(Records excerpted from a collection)
*** Block opens ***
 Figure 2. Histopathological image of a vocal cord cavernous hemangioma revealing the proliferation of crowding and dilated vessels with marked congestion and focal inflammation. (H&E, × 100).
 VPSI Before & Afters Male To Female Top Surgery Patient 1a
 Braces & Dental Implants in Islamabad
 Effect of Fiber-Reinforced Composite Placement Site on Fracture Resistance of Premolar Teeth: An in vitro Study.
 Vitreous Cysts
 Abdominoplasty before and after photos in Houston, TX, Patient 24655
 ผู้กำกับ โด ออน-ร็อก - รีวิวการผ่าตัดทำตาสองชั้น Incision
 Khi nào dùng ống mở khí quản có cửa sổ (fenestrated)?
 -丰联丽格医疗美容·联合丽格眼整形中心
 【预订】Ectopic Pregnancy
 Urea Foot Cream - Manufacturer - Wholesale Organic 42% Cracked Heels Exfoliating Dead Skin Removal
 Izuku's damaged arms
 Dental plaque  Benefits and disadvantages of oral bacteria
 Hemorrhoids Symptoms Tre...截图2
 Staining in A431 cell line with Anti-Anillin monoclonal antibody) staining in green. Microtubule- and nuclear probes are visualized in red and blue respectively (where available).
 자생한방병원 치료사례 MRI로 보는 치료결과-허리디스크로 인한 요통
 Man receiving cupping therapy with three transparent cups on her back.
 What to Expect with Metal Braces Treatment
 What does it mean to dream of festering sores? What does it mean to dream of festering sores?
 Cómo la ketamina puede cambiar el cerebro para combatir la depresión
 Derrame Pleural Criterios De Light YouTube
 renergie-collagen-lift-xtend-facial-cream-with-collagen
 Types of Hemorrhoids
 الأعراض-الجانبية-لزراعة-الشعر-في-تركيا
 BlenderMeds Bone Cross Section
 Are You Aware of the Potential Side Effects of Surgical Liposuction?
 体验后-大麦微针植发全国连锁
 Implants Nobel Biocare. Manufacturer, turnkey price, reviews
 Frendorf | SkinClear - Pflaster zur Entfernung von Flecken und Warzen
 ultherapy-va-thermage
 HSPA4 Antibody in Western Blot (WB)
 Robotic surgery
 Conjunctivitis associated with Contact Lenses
*** Block closes ***
Give back, unchanged, every line from the one with "What to Expect with Metal Braces Treatment" to the end of the entries above.

**SOLUTION TO THIS PROBLEM**
 What to Expect with Metal Braces Treatment
 What does it mean to dream of festering sores? What does it mean to dream of festering sores?
 Cómo la ketamina puede cambiar el cerebro para combatir la depresión
 Derrame Pleural Criterios De Light YouTube
 renergie-collagen-lift-xtend-facial-cream-with-collagen
 Types of Hemorrhoids
 الأعراض-الجانبية-لزراعة-الشعر-في-تركيا
 BlenderMeds Bone Cross Section
 Are You Aware of the Potential Side Effects of Surgical Liposuction?
 体验后-大麦微针植发全国连锁
 Implants Nobel Biocare. Manufacturer, turnkey price, reviews
 Frendorf | SkinClear - Pflaster zur Entfernung von Flecken und Warzen
 ultherapy-va-thermage
 HSPA4 Antibody in Western Blot (WB)
 Robotic surgery
 Conjunctivitis associated with Contact Lenses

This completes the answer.